Beside the living room is the dining room, which could offer some storage potential.
Purpura liked the old-fashioned style of our dining-room table but she said her eyes were then immediately drawn to the door behind it that we do not use.
We currently have it covered with a small makeshift coffee-station cabinet, but she suggested putting a large armoire to cover it instead.
This would cover the door more and also add more organized, hidden storage to the living-room area.
The bedroom's furniture created too much of a uniform contrast against the walls.
According to Purpura, the lack of personality in the bedroom stems from a mixture of bare walls, poor lighting, and matching Ikea furniture — I couldn't disagree.
The brash lighting only accentuates the white paint and starkness against the black dressers and bed frame. Additionally, hanging a large piece of art in place of the posters would help make the space look more high-end.
She offered some quick fixes like getting matching nightstands but venturing into slightly mismatched and more vertical furniture for clothing storage. The goal for us here would be to aim for symmetry, not uniformity.
She said we should lean into complementary furniture pieces, not matching ones.
Finding softer-colored wooden dressers would offer lesser contrast and create an elegant aesthetic, Purpura said.
"You need an eclectic mix to make it look like you're well-traveled, like you are collecting beautiful furniture pieces," she said "It shows that it's more thoughtful in this space."
She also encouraged us to add more vertical storage to make the ceilings look taller.
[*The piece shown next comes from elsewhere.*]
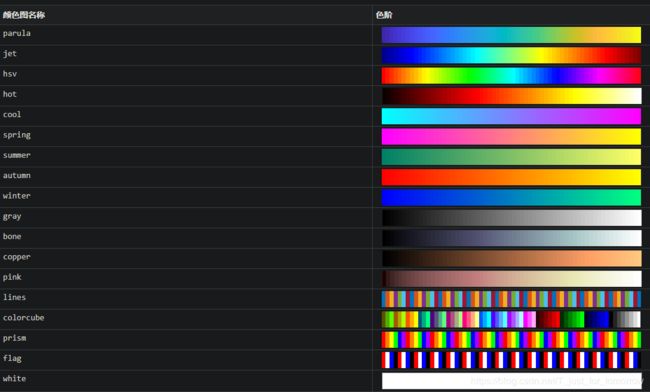bfc473e1a2a052dc39f1bf3732065626.png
The storage would also help me hide some of the items taking up space on my dresser, like makeup.
Purpura recommended warmer tones for a more luxurious feel in the bathroom.
The bathroom holds similar issues to the bedroom. Its white walls and lighting make the space feel akin to a hospital.
Purpura suggested we create an accent wall by using renter-friendly wallpaper or even drawer liners. She also said we could create a more warm-toned atmosphere by adding decorative towels, switching the light fixture, and swapping out the black storage unit for a dark, wooden one.
Adding storage that can close so as not to display everything can keep the space feeling clean, Purpura said.
Accessible storage can help create a charming ambiance in the bathroom.
It helps to think of what a hotel would have in its bathrooms, and try to emulate that luxurious feel in your space, Purpura said. She suggested learning how to fold towels with aesthetics in mind if I wanted to display them in a pretty way.
Creating rituals through accessible and appealing storage in the bathroom offers more of an experience rather than a chore.
Overall, Purpura offered a wake-up call about experimenting with maximalism.
Since moving to this apartment, I've prided myself in the amount of effort I've put into its décor and overall vibe, especially being that so many pieces of my furniture and art are secondhand.
But as much as I wanted to adopt a maximalist aesthetic, Purpura showed me the nuance of experimenting with negative space and how that fits into the intention behind maximalism.
"How do you make living in a small space feel bigger? Buy less shit," she said "And then just make sure everything can close."
I've started implementing some of Purpura's décor suggestions and am excited to search for more vertical storage pieces.